Referring to FIG. 1, there is illustrated a conventional drilling apparatus, generally designated by the numeral 10 including a substructure 12 and a derrick 14. The substructure 12 supports a conventional rotary table 16, and a conventional swivel 17 is suspended from a traveling block 18 which is supported by the derrick 14 for traversing a drillstem 20 into and out of a wellbore defined in part by a hollow cylindrical casing 22. The drillstem 20 is conventional and is made up of end-to-end connected tubular members 24 and a rotary drillbit 26 disposed at the lower end thereof for drilling a wellbore 28. Rotation is imparted to the drillstem 20 through the rotary table 16 by a bushing 32 which is adapted to rotatably drive an elongated stem member 34 commonly known as a kelly. In accordance with the present invention, the kelly 34 is interposed in the drillstem 20 between upper and lower subs 36 and 38. The lower sub 38 is connected to the uppermost drillstem member 24 and the upper sub 36 is suitably connected to the swivel 17 in a conventional manner. The subs 36 and 38 and the kelly 34 comprise a system which includes a plurality of strain and acceleration sensing devices which will be described in further detail herein.

The elongated drillstem 20 comprises conventional steel tubular members well known in the art and is a relatively flexible structure which is subject to substantial axial, torsional and lateral vibrations and deflections. One problem in the art of drilling oil and gas wells pertains to the lateral deflection of the drillstem which results in engagement with the inner wall of the casing 22, as indicated at 23 for example, which, during rotation of the drillstem, may cause excessive wear of the casing structure and the drillstem itself. This action can cause either early failure of one or both members or damage which can present operational problems later in the life of the well. Clearly, the detection of drillstem-to-casing interaction in relatively deep wells can be difficult considering the overall length and flexibility of the drillstem and the multiple casing sections of different diameter which preclude accurate signal transmission through the casing itself. Still further, the substantial axial and torsional forces exerted on the drillstem at the surface, and considering the torsional flexibility of the drillstem, present problems in detecting excessive vibrations of the drillbit.
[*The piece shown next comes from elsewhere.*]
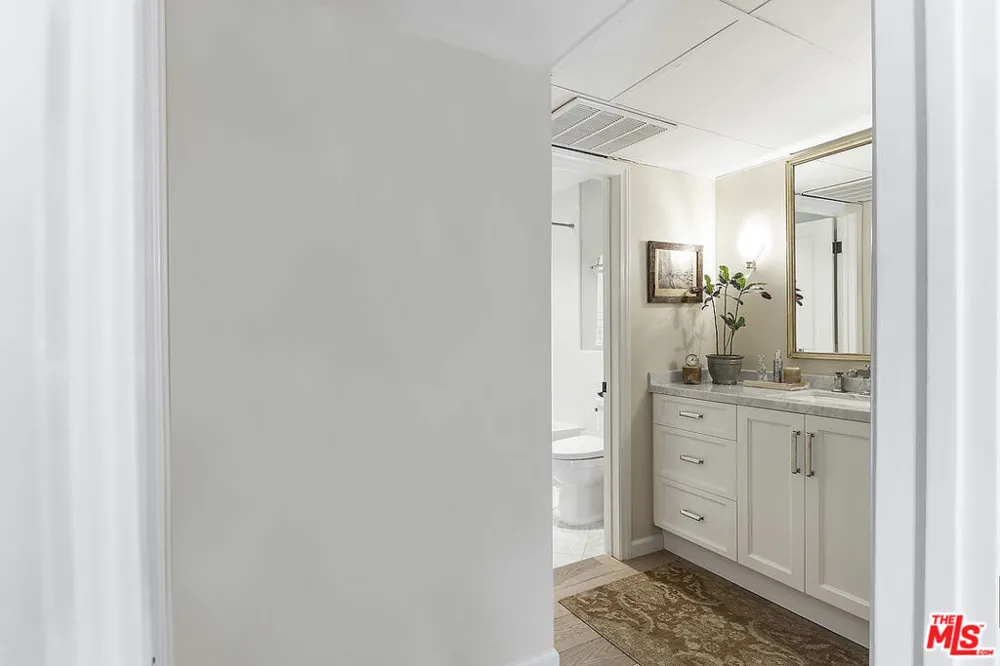 906 Doheny Drive #510 West Hollywood, CA 90069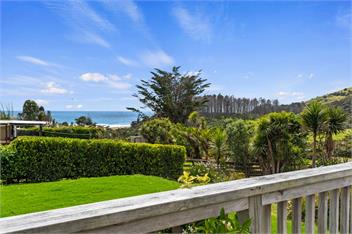 Belmont Beach House (Bachcare) - Whangarei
Referring now to FIG. 2, in particular, the assembly of the kelly 34 and the upper and lower subs 36 and 38, respectively, is illustrated in further detail. The kelly 34 is substantially a conventional elongated tubular member having a portion 35 of polygonal cross-section for non-rotatable but axial movement relative to the drive bushing 32. The bushing 32 is typically removably disposed in a member 33 which is supported on suitable bearings, not shown, for rotation relative to the frame 15 of the rotary table 16. Accordingly, the rotary table 16 is adapted to impart rotary motion to the drillstem 20 through the kelly but the kelly is disposed for axial movement relative to the rotary table as the bit penetrates the formation to form a wellbore. The kelly 34 is connected to the subs 36 and 38 through conventional threaded connections. The sub 36 is also threadedly connected to a sub 19 forming part of the swivel 17 and is mounted for rotation relative to the swivel frame 21 by suitable bearing means, not shown.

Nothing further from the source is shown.